With his country on the brink of war, he went home in 1990, rising swiftly through the ranks and commanding its most sensitive districts.

On learning of his U.N. indictment, Gotovina traveled the world for more than four years to avoid arrest. When he was finally arrested in a restaurant in 2005 on the Spanish island of Tenerife he had two false passports with stamps from countries across South America and Asia.

“It is straight out of some French spy novel, it’s full of intrigue,” Misetic said.

Operation Storm still stirs deep emotions.

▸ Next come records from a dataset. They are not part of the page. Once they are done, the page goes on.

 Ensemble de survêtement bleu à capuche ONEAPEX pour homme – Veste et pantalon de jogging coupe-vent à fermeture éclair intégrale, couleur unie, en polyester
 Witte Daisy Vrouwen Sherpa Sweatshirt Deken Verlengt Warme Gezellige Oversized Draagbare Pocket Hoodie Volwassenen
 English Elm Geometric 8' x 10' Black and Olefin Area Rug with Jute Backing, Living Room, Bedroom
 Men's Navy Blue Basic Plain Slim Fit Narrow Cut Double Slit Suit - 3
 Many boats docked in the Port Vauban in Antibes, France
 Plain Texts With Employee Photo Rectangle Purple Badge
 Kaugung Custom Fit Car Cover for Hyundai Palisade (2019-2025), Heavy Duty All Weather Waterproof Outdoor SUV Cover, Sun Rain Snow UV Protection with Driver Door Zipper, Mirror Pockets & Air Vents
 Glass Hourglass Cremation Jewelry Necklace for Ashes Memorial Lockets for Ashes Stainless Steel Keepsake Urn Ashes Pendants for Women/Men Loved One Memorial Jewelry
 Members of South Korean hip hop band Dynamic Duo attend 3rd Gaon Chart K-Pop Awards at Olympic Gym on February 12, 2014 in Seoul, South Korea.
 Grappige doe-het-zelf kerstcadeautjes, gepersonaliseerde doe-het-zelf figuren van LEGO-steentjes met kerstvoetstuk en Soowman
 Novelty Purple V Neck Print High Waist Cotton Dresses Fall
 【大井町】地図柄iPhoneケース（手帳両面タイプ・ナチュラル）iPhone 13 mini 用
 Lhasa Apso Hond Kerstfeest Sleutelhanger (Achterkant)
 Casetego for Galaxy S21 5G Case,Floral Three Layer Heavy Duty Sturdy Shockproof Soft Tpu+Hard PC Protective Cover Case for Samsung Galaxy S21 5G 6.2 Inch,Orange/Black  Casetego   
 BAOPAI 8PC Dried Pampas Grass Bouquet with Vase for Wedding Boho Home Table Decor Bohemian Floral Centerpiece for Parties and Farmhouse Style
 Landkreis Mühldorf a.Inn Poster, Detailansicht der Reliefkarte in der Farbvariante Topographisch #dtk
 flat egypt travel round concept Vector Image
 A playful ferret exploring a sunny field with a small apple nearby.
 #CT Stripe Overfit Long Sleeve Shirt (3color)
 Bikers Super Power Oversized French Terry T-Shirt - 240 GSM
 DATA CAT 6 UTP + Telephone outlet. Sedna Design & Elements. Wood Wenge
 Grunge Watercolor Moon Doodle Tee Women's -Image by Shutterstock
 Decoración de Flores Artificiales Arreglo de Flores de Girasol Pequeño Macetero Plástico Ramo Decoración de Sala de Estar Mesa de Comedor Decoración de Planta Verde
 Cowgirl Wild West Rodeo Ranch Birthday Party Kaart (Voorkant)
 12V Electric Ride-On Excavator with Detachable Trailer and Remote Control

Earlier this month Croats celebrated the 15th anniversary of the liberation of the Krajina while Serbs in Belgrade and Bosnia mourned victims.

Serbian President Boris Tadic called the military counterpunch a “crime which shouldn’t be forgotten.” His Croatian counterpart Ivo Josipovic responded that it was “above all, the crown of the justified liberation war.”

If Gotovina is acquitted, “there will be a huge euphoria here and everybody will forget the facts from his indictment,” said Croatian political analyst Zarko Puhovski. Conviction “will be seen here as a politically motivated verdict — one meant to equalize guilt.”

Despite Gotovina’s colorful past, he now dedicates his time in jail to a more peaceful pursuit — painting portraits.

“As surprising as this may seem, he’s an artist,” said Misetic.

____

Associated Press Writer Snjezana Vukic in Zagreb contributed to this report.